[Opening Data section section]

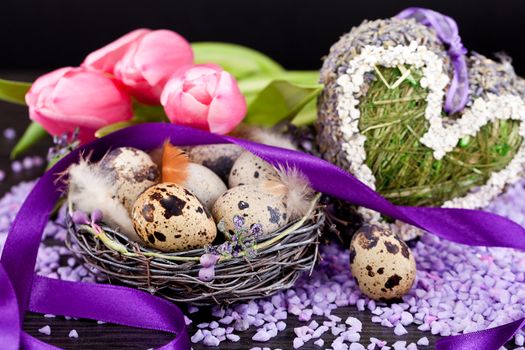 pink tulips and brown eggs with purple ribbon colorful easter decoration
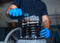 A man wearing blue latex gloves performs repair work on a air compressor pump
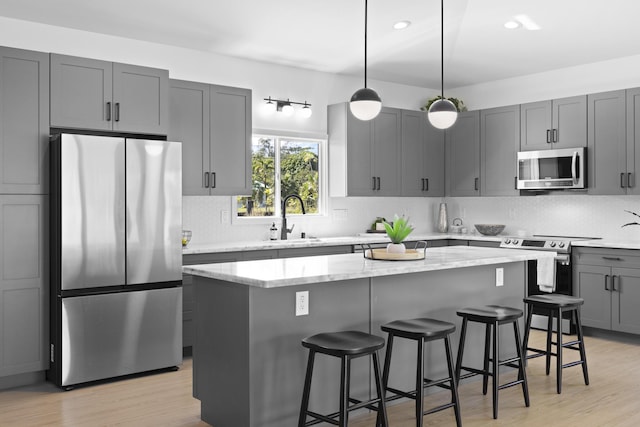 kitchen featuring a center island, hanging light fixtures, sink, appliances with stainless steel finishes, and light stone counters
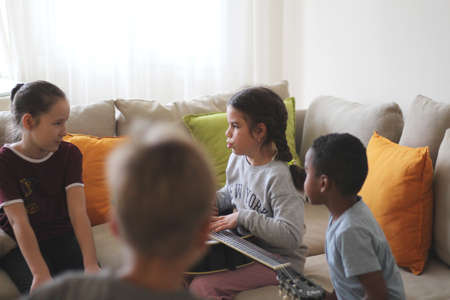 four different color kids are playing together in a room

[Closing Data section section]

• **Task instructions**: An exact reproduction of the lines from the line containing "A man wearing" through the end of the listing above is needed; pictures stay out.

• **Answer to this problem**:
 A man wearing blue latex gloves performs repair work on a air compressor pump
 kitchen featuring a center island, hanging light fixtures, sink, appliances with stainless steel finishes, and light stone counters
 four different color kids are playing together in a room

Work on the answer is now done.